Interdire les billets de 500 euros, renforcer les moyens de contrôle, obliger les banques à déclarer leurs opérations "en lien" avec des paradis fiscaux: pour une fois unanimes, des députés de droite et de gauche ont présenté jeudi trente mesures contre la fraude fiscale.
Elus de la majorité UMP-Nouveau centre, ou de l'opposition PS/PCF, ils souhaitent qu'elles soient défendues par Nicolas Sarkozy en France ou à Bruxelles, quelques jours avant le G20 de Pittsburgh (24-25 septembre).
"Nous souhaitons que le secret bancaire ou le secret professionnel ne soit plus invoqué quand il s'agit de fraude fiscale. Pour nous, c'est un délit", a déclaré le président PS de la commission des Finances de l'Assemblée, Didier Migaud.
Au passage, M. Migaud a de nouveau confirmé l'existence d'une liste de résidents fiscaux français détenant des comptes en Suisse.
Pour l'Etat, la fraude fiscale représente une perte de recettes de 29 à 40 milliards d'euros, selon une estimation du Conseil des prélèvements obligatoires en 2007.
"Nous pensons qu'il y a une conjoncture favorable et qu'il faut aller le plus loin possible", a ajouté le rapporteur UMP du Budget, Gilles Carrez.
Plus sceptiques, Henri Emmanuelli (PS) et Jean-Pierre Brard (app. PCF) ont estimé que, même en période de crise, les bonnes intentions n'ont pas été relayées dans les faits.
"En matière de bonus, je considère que l'on n'a rien fait. On a des promesses", a déploré M. Emmanuelli.
M. Brard a rappelé que 24 parlementaires avaient fait des propositions sur la crise avant le G20 de Londres début avril. "Le président (Sarkozy) avait dit qu'elles étaient très utiles. Quand nous lui avons demandé ce qu'il en faisait par rapport au G20, le poste était débranché...".
Les députés recommandent que la France plaide auprès de ses partenaires européens pour la suppression du billet de 500 euros.
"Depuis la disparition du billet de 1.000 dollars, le billet de 500 euros représente la valeur en espèces la plus importante.
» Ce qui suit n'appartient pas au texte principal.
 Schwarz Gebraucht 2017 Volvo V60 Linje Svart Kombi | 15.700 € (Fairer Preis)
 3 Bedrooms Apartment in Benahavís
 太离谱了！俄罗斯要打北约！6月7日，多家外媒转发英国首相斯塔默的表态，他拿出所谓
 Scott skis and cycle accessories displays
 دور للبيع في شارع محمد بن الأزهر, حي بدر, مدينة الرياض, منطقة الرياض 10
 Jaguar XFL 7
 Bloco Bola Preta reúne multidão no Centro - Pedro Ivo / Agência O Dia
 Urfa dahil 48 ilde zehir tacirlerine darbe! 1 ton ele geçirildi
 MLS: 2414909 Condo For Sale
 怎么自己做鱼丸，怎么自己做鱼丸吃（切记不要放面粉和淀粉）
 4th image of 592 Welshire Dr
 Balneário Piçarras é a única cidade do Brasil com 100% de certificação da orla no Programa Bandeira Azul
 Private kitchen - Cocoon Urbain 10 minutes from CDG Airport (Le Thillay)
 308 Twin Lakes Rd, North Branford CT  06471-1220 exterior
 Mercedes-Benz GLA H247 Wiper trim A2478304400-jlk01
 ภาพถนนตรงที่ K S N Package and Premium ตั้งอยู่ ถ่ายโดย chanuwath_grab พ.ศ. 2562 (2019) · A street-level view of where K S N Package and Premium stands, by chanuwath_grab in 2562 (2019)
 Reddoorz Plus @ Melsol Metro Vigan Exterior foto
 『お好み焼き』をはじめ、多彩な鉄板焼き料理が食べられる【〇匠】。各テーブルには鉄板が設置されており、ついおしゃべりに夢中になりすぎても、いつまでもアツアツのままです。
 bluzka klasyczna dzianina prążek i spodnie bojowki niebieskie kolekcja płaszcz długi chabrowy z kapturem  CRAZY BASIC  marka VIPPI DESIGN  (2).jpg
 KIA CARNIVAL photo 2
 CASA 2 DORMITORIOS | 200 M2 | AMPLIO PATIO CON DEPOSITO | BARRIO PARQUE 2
Or, le blanchiment d'argent sale passe très souvent par le recours aux espèces", expliquent-ils.
Pour les mêmes raisons, ils veulent aussi "fixer les seuils d'interdiction de paiement en espèces à 3.000 euros pour les particuliers et à 1.100 euros pour les commerçants".
La France doit aussi se doter de sa propre liste de "territoires non-coopératifs" avec l'administration dans la traque de l'évasion fiscale.
La Suisse est-elle visée? "En Suisse, il semble qu'on considère que voler la collectivité n'est pas un délit", a lancé Henri Emmanuelli, qui incarne l'aile gauche du PS.
"Nous espérons que cela change", a tempéré Didier Migaud, en mentionnant un avenant à la convention fiscale entre la France et la Suisse qui doit permettre un échange d'informations bancaires entre les deux pays. Elle doit encore être ratifiée par la Suisse, a-t-il souligné.
Les députés veulent aussi "accroître les moyens de contrôle" de l'administration sur les fraudeurs.
En plus de la cellule de lutte antiblanchiment Tracfin, ils suggèrent de créer "un service fiscal d'enquêtes", avec des agents dotés de la qualité de police judicaire, sous l'autorité du parquet.
Cette recommandation pourrait faire l'objet d'un amendement au projet de loi de finances 2010 examiné à l'Assemblée mi-octobre, avec cette année déjà à l'ordre du jour la taxe carbone.
Les députés français veulent aussi obliger les établissements financiers à déclarer toute opération "en lien" avec un paradis fiscal.